Local bar fully powered by bachelorette parties drunkenly yelling lyrics to 'Shoop'
REGINA, SK—Here they go. Here they go. Here they go again.
This weekend, after hosting seven different bachelorette parties, Roxie's Grill and Bar has shared an alarming secret about its operation: all lights, electricity, and hydro in the establishment are fully powered by the overwhelming energy created when raucous groups of women drunkenly yell the lyrics to Salt–N-Pepa's 1993 hit, Shoop.
"We've pinpointed the moment where we know we need to start harnessing the raw, terrifying power generated by these women," explains bar owner Walter Tennant.
"It begins after several rounds of martinis. The women – there's maybe 12 of them, or 14 – they trickle out onto the dance floor in their matching pink shirts, and then those slow, opening beats of Shoop cause their ears to prick up instantly like they're a pack of feral coyotes scouring the god damn prairies for fresh kill."
They. Just. Start. Screaming. Those. Lyrics.- Walter Tennant, bar owner
"There's a long bout of high-pitched screaming at the moment of song recognition," Tennant whispers.
"Often the women will yell 'OH SHIT!' or sometimes they'll hug each other in this weird, sloppy cluster.
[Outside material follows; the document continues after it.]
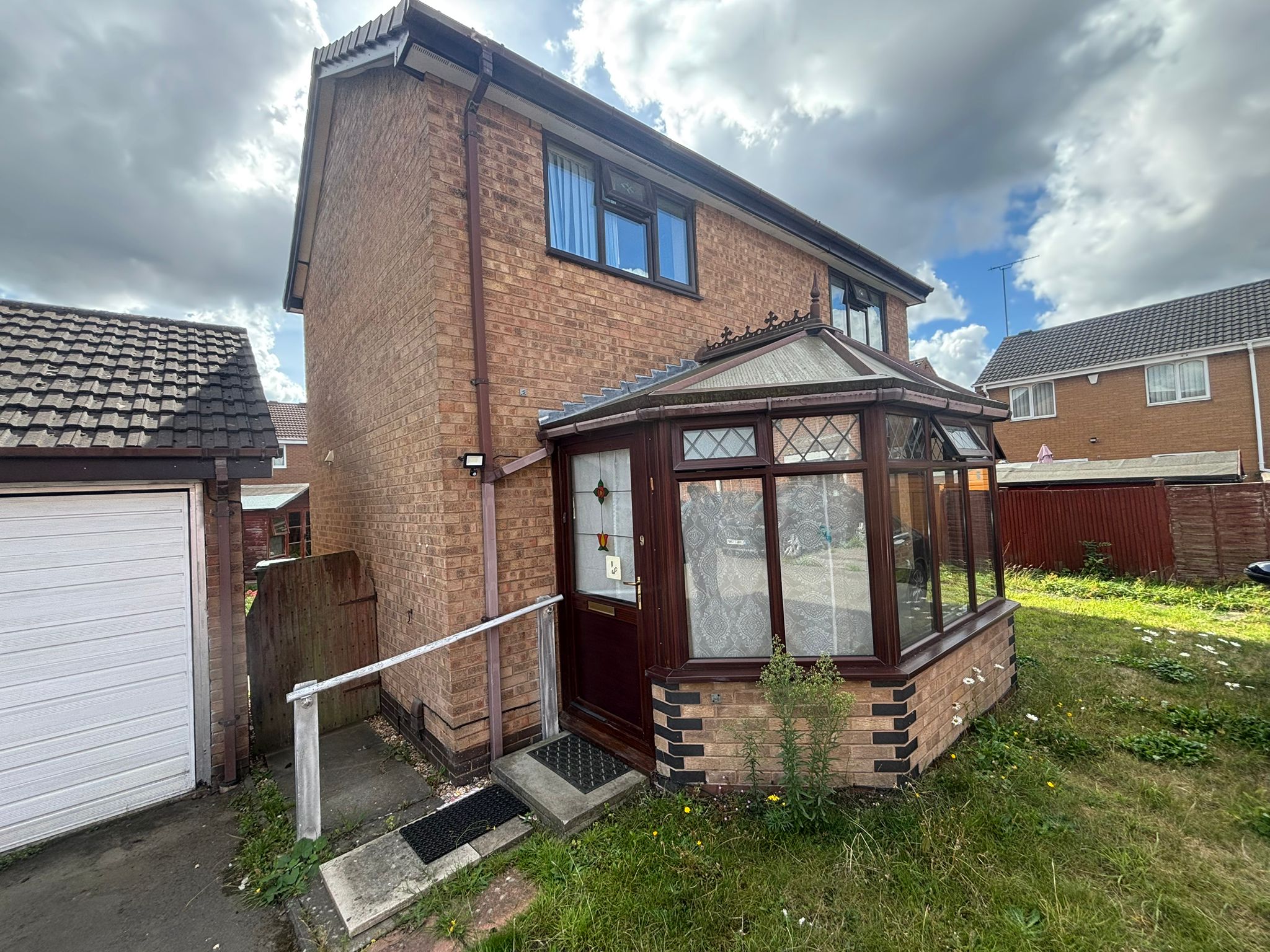 House Lymington Close in Coventry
It's unclear why."
"They. Just. Start. Screaming. Those. Lyrics," Tennant continues.
"Like, all of them. Every last one. And they do it with a force and a passion that – sorry, but I'm going to have to lie down on my little cot in the back if you want me to keep talking about this."
And that's the critical moment when Tennant swiftly activates the complex system of tubes he's installed in the walls of the bar. The tubes pick up on the potent vibrations caused by the yell-singing women, immediately converting them into pure renewable energy.
"I hit the ON switch and just sit back and watch 'em Shoop 'til they droop," Tennant shares.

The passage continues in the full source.